Attention-Guided Graph Update and Fusion
The model employs dual attention mechanisms: first to guide node selection (ANS), and then, in each graph propagation layer, to adaptively weight both intra- and inter-modality neighbors during node feature update. Node attributes from both RGB and depth flows are updated via attention-weighted aggregation, ensuring that only central, highly contributing features strongly modulate scene representation. After several propagation layers, the optimized node features are concatenated with the global CNN features from both modalities and fed to a final classifier.
Experimental Evaluation
Results on SUN RGB-D and NYU Depth v2
Comprehensive experiments on SUN RGB-D and NYU Depth v2 datasets demonstrate that the proposed method achieves state-of-the-art mean-class accuracies of 57.7% and 70.4%, respectively—surpassing prior CNN-, fusion-, attention-, and GNN-based approaches.
Figure 4: Confusion matrix for SUN RGB-D, indicating robust recognition across diverse indoor classes with minimal confusion primarily between visually or functionally similar categories.
Figure 5: Confusion matrix for NYU Depth v2. Several classes (e.g., "classroom," "bookstore," "bathroom") achieve near-perfect accuracy; lowest performance is in compound 'other' classes with fewer training examples.
Detailed Analysis and Ablation
Ablation studies highlight the contributions of each component:
- Single modality vs. multimodal fusion: Fusing RGB and depth features with graph reasoning offers a 6-7% accuracy boost over simple concatenation or single-modality baselines.
- Dynamic graph structure: Leveraging attention to dynamically construct and update node connections outperforms fixed graph structures and naive local feature aggregation.
- Attention mechanisms: Removing attention reduces performance by up to 2%, affirming its necessity for adaptive information propagation.
- Node selection parameter k: Empirically, 16 nodes per modality balance representational power and noise avoidance; fewer nodes lack coverage, while more nodes dilute discriminative power.

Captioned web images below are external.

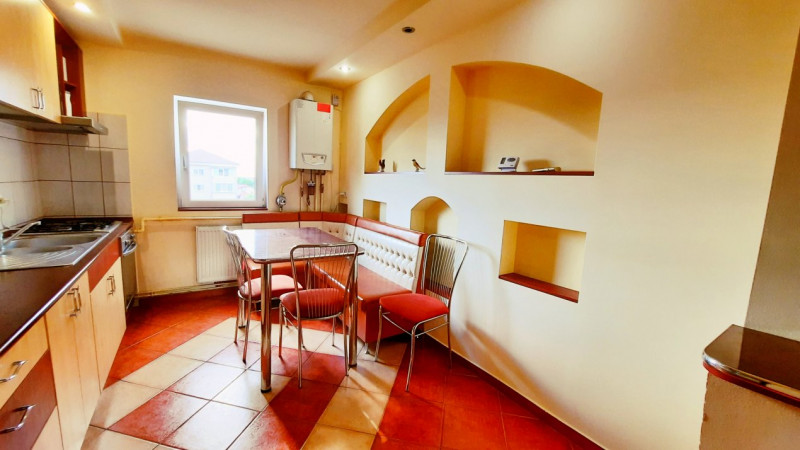 Apartament 3 camere decomandate zona Mircea cel Batran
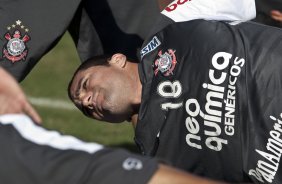 Danilo durante treinamento na intertemporada do Corinthians, realizado esta manh no Oscar Inn Resort em Aguas de Lindoia, interior de So Paulo. O prximo jogo do time ser dia 14/07, contra o Cear, no estdio Castelo, pela 7 rodada do Campeonato Brasileiro 2010; So Paulo, Brasil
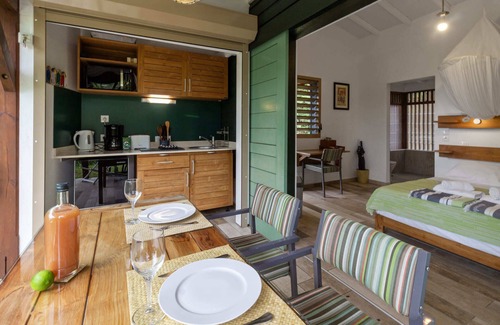 Bouillante Cottage | Jument verte - One Bedroom Cottage, Sleeps 2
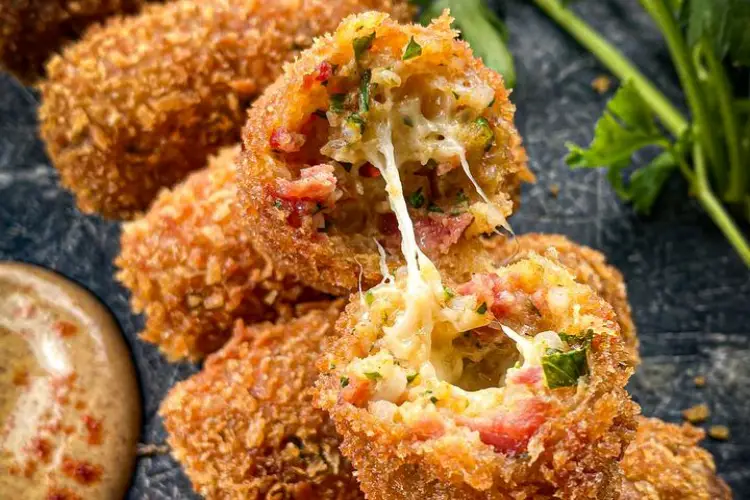 Bolinho de arroz com calabresa na airfryer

Theoretical and Practical Implications
The work advances the state-of-the-art in several respects:
- Adaptive, semantic-aware feature selection from high-dimensional CNN feature spaces enables robust focus on discriminative regions, eliminating reliance on external object detectors or heuristic local sampling.
- Hierarchical, sparse multi-modal graph design provides an expressive yet efficient framework for capturing both intra- and inter-modality relationships, essential for robust fusion in cluttered environments.
- Attention-driven graph updating confers flexibility and interpretability, supporting dynamic re-weighting of salient scene elements per sample, accommodating intra-class variation, and reducing the impact of outliers.
Practically, the design is compatible with any strong CNN backbone, is fully differentiable, and can be easily extended to new modalities, scene types, or integration with temporal reasoning for video or multi-view data.
Future Directions
Potential avenues for future research include: (1) more sophisticated cross-modality alignment techniques to further mitigate semantic gaps; (2) explicit modeling of temporally dynamic or viewpoint-varying scenes; (3) exploration of unsupervised or few-shot scenarios leveraging the graph’s structural priors; (4) transfer to embodied agents for on-device scene understanding.
Conclusion
This work establishes a principled, high-performing dynamic graph neural network approach with adaptive feature selection for RGB-D indoor scene recognition. Attention-guided node selection, hierarchical graph construction, and modality-aware dynamic update mechanisms are proven effective in extracting, organizing, and integrating complementary 2D and 3D cues. The framework achieves new benchmarks on standard indoor datasets, supporting robust and efficient multi-modal scene perception, and sets a foundation for further innovations in graph-based scene understanding and fusion (2604.00372).